LEAP a ajouté, pour la fin de 2008, la déroute des caisses de retraite à son scénario de crise systémique mondiale. Et le plongeon des États-Unis et du Royaume-Uni dans une possible situation de défaut de paiement au troisième trimestre de 2009. Quant aux interventions massives des banques centrales, elles ne faisaient que préparer la prochaine explosion du marché des produits financiers dérivés, qui représente une grosse bulle de 500 000 milliards $US.
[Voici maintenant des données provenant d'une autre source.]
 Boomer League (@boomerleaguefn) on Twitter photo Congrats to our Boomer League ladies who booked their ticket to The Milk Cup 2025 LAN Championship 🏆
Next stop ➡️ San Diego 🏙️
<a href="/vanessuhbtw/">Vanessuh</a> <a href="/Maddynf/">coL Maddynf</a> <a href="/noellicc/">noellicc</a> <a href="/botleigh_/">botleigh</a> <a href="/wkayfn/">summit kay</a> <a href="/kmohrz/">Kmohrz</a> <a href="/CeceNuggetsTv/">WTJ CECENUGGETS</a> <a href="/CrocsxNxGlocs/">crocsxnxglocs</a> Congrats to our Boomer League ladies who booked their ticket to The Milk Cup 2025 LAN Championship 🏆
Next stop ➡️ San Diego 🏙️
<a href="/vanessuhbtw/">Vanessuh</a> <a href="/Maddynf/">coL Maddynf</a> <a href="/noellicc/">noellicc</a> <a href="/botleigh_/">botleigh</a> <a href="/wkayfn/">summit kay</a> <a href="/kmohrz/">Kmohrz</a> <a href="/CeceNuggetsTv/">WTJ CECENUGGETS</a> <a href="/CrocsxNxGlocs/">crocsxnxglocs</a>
Si, au début de 2008, on ne voyait pas encore apparaître sur cette trame apocalyptique la crise grecque, et les risques d'explosion de la zone euro, l'on a ajouté depuis à la séquence initiale une dislocation géopolitique mondiale avec un risque de guerre civile. Et l'on met en exergue l'«isolement tragique» d'un Royaume-Uni affaibli politiquement par un gouvernement de coalition. Pour l'équipe de LEAP/E2020, le Royaume-Uni devra se débattre dans une crise historique à partir de cet été, plus isolé que jamais.
Par ailleurs, LEAP 2020 anticipait un éclatement d'une bulle immobilière, devenue généralisée, en 2015. Ce sera désormais pour 2012.